[Exercise prompt]: Transcribe exactly, and only, the lines from the one containing "Hey guys, I'm" through the end of the material.

━━━━

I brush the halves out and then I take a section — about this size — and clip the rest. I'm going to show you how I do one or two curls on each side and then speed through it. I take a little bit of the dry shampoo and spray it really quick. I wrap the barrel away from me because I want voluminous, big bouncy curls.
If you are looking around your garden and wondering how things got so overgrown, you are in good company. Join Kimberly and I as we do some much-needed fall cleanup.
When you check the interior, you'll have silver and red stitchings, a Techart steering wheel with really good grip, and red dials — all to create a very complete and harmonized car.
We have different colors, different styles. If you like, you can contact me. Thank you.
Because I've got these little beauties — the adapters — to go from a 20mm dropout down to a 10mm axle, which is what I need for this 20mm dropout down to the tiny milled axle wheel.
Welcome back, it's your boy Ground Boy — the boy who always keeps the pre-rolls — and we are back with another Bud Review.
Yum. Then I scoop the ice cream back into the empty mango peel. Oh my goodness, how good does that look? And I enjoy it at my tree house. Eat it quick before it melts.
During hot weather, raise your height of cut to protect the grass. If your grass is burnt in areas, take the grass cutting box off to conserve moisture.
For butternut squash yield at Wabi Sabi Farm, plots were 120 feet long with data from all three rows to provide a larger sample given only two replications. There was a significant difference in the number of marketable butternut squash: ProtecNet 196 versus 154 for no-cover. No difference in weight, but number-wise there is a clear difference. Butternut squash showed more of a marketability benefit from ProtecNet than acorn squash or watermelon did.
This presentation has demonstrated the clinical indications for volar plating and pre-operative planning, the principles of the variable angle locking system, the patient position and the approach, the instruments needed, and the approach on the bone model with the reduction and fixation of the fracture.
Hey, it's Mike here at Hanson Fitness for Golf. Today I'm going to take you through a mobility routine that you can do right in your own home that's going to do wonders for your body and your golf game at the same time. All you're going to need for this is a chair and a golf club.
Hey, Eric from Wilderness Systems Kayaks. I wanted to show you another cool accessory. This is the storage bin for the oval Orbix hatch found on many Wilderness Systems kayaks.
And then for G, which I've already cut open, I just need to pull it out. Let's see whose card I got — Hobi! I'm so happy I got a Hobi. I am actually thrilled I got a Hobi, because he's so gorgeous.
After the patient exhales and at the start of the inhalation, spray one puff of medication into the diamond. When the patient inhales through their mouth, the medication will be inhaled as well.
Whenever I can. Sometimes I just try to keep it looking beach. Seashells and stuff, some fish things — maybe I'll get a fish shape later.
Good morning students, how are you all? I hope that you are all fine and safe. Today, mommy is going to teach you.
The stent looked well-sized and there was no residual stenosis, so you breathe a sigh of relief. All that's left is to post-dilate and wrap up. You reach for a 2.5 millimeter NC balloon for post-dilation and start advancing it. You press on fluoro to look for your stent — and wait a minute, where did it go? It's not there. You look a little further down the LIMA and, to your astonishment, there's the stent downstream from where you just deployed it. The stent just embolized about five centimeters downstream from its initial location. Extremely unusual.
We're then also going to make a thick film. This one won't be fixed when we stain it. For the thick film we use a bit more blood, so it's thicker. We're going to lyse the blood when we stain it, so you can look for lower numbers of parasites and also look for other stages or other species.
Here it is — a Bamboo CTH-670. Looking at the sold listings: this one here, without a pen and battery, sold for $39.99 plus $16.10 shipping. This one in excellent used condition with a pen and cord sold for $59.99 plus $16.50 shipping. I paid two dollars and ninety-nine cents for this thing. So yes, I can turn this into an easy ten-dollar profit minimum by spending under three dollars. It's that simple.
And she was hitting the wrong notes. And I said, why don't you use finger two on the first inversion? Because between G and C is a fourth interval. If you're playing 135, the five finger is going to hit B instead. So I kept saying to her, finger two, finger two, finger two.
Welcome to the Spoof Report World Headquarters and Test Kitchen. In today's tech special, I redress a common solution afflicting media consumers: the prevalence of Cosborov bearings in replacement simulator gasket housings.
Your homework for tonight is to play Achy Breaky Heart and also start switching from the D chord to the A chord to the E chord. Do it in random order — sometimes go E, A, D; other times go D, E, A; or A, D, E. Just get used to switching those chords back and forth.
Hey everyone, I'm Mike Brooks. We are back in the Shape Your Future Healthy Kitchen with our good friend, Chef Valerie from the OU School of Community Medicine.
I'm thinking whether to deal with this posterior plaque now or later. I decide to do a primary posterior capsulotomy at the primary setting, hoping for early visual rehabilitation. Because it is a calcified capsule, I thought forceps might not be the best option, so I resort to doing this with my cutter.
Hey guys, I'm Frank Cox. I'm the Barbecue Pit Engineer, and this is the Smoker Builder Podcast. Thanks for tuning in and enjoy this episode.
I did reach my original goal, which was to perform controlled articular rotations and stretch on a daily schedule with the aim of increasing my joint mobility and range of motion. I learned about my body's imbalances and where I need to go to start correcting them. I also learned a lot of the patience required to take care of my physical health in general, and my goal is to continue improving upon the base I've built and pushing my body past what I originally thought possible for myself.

━━━━

[Response to the exercise]:
Hey guys, I'm Frank Cox. I'm the Barbecue Pit Engineer, and this is the Smoker Builder Podcast. Thanks for tuning in and enjoy this episode.
I did reach my original goal, which was to perform controlled articular rotations and stretch on a daily schedule with the aim of increasing my joint mobility and range of motion. I learned about my body's imbalances and where I need to go to start correcting them. I also learned a lot of the patience required to take care of my physical health in general, and my goal is to continue improving upon the base I've built and pushing my body past what I originally thought possible for myself.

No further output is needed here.